Note: Someone asked where you can buy the train tickets to Bastei Bridge and if you can do so in advance. You’ll find vending machines at all stations (easy switch to English). There is no need to buy them in advance as there are no reserved seats, etc. You could buy them online as well on the official website of the Germain Railway. But you’ll have to register, etc, and as it takes literally 2 minutes to buy the tickets, I’m not sure why you would want to do it.

From Dresden to Bastei Bridge by train & bus (for non-hikers)

The train to Pirna from Dresden main station - the S2 leaves every 20 minutes
The train to Pirna from Dresden main station

You could also do a combination of train and bus. This is the best version if you don’t or can’t hike all the way to the top. In this case, first, take the train S2 from Central Station to Pirna. It takes 20 minutes and leaves every 20 minutes.

The bus station in Pirna right behind the main station that will get you to Bastei / Lohmen
The bus station in Pirna

In Pirna exit the train station and go to the adjacent central bus station (you have to walk through a little underbridge) and then wait for bus 237 towards Sebnitz.

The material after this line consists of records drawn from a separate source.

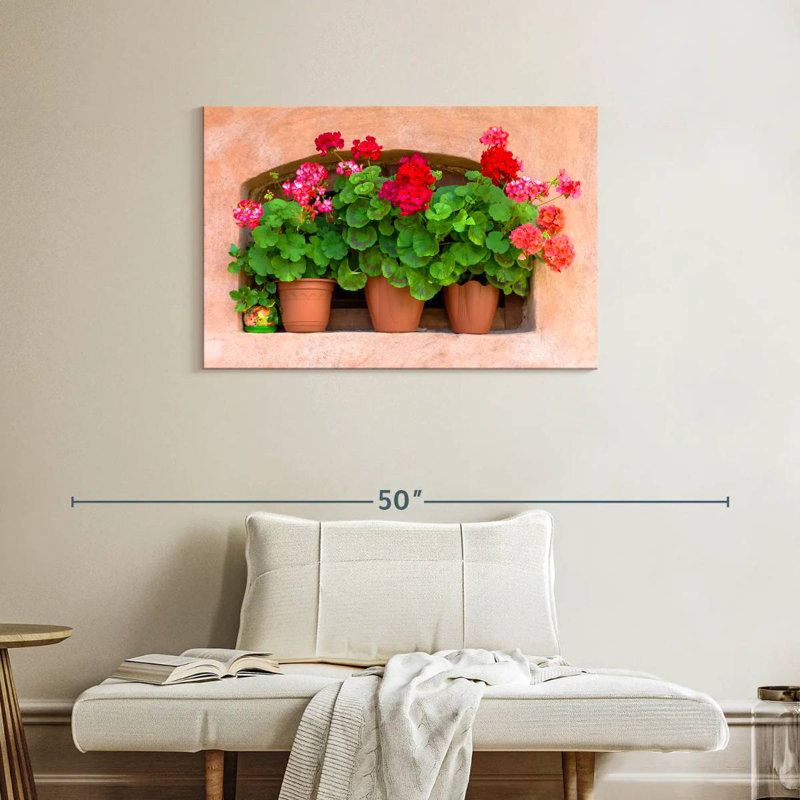 Harnek Potted Geraniums, 24" H x 36" W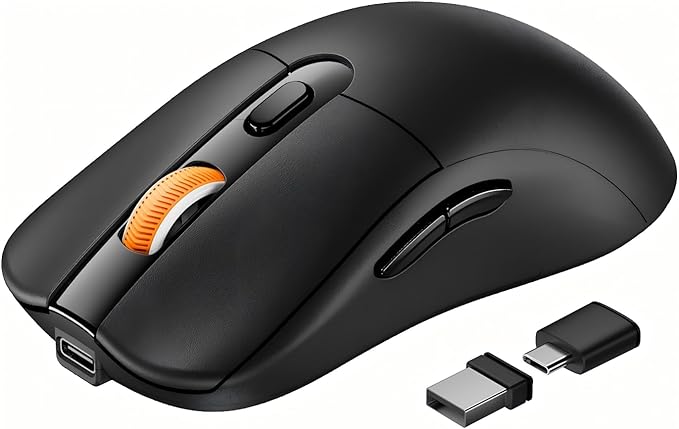 ProtoArc Bluetooth Wireless Mouse for MacBook Pro/Air, USB C Mouse, EM15 Rechargeable Lightweight Portable Mice for Laptop, iPad, Tablet, Chromebook-Black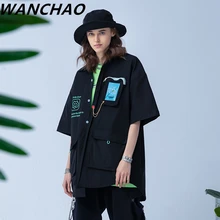 WANCHAO CP Couple Summer Wear Brand Functional Tooling Shirt Men/Women Loose Short Sleeve Oversize Shirt ins Street Trend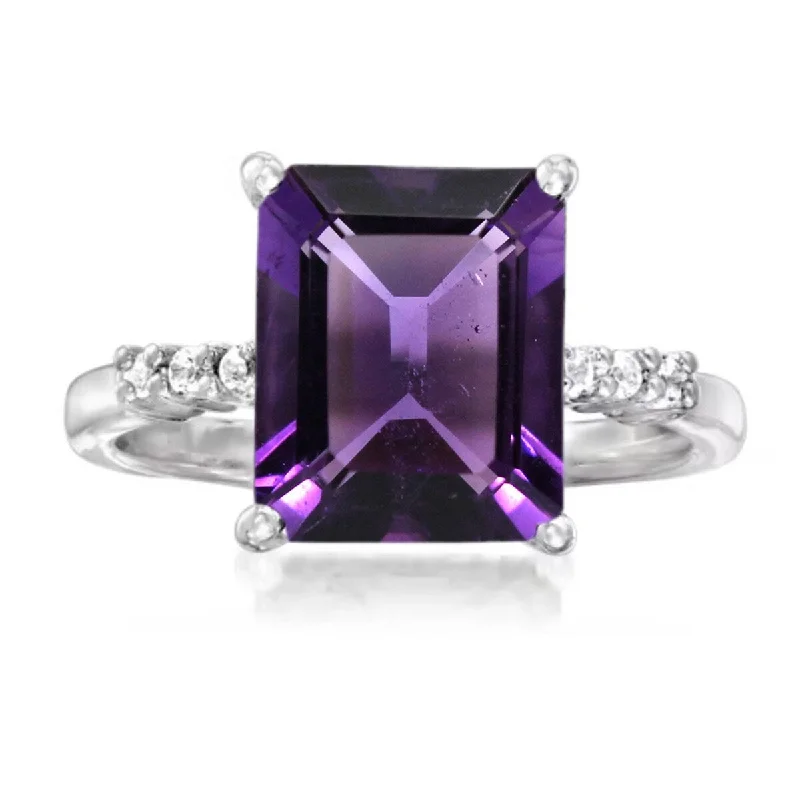 Women’s statement rings-925 Sterling Silver African Amethyst and White Topaz Gemstone Solitaire Ring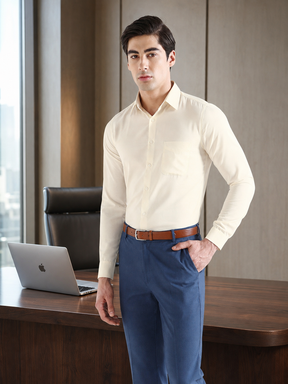 Bird Eye Textured Cotton Rich Formal Shirt in Ivory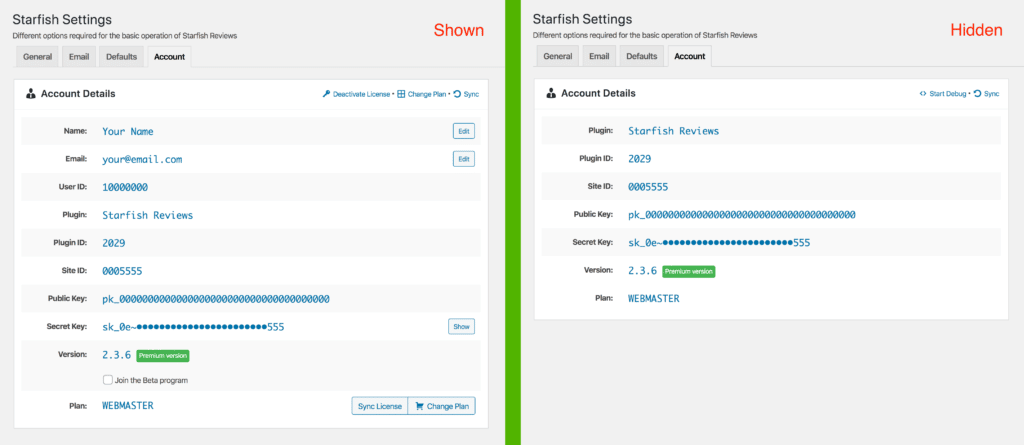 Starfish Reviews account information shown vs hidden.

It leaves about once an hour, so make sure to check the schedule before you leave from Dresden. This bus will get you directly to the back of Bastei.

You will have to walk the last stretch, but it’s an even road and only about 300 meters. Note: Don’t get out at the Park and Ride bus stop, where the bus is scheduled to wait 5 minutes.

Time: ~65 minutes
Price: 14 euros (if you get a day ticket for the train & bus)

Tourist bus from Dresden to Bastei

You can also take the bus from Dresden to Bastei. During the tourist season, a couple of companies offer direct bus trips from Dresden. Usually, these tours will stop at the amazing Köngigsstein fortress as well.

Here is a fantastic Bastei & Königstein tour >

Time: 5 hours (altogether)
Price: 40-50 Euros (depending on the agency)

Taking the steamboat to Bastei

The magnificient valley of the River Elbe as seen from Bastei Bridge
The magnificent valley of the River Elbe

You could also take the steamboat to Bastei, or rather the village of Rathen and then hike to the top. I have to say that the valley of the River Elbe is truly stunning in this part, and taking the boat really is worth it. That being said, boats do NOT leave from Dresden. Again, you have to take the train to Pirna and then take the bus (or walk) to the pier in Pirna.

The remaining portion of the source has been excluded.